Limitations & Future Work¶

Lack of Wet-lab Validation: SYNC remains a computational proxy; actual synthesis experiments are needed for validation.
Proxy Bias: ES/HS labels from different sources might introduce dataset bias.
Hyperparameter Sensitivity: Guidance is sensitive to intensity (\(\lambda\)) and timing, requiring careful tuning to avoid fragmented molecules.

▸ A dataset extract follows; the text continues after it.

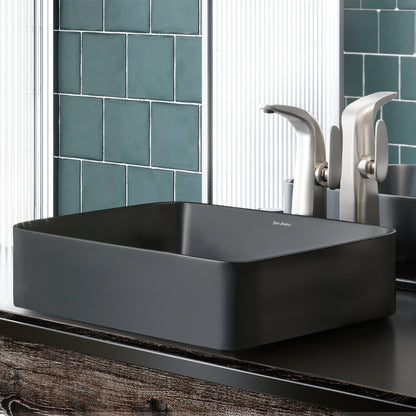 Swiss Madison, Concorde Rectangle Ceramic Vessel Sink, Matte Black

Vs. Traditional Metrics: SYNC offers a better trade-off between speed, accuracy, and differentiability than SA (rule-based), Aizynth (slow), or GASA (non-3D).
Vs. Building-block Methods: While building-block methods ensure synthesizability via templates, they often output 2D structures needing 3D docking. SYNC operates directly in 3D SBDD.
Vs. ChemProjector: Unlike projection methods that can drastically alter structure, SYNC uses local adjustments to improve synthesizability while preserving affinity.

Rating¶

Novelty: ⭐⭐⭐⭐ Integrated use of the classifier for guidance and DPO data generation is clever.
Experimental Thoroughness: ⭐⭐⭐⭐ Cross-dataset benchmarking and multi-backbone validation are solid.
Writing Quality: ⭐⭐⭐⭐ Clear structure and well-motivated sections.
Value: ⭐⭐⭐⭐ Addresses the practical "synthesis gap" in SBDD with a plug-and-play solution.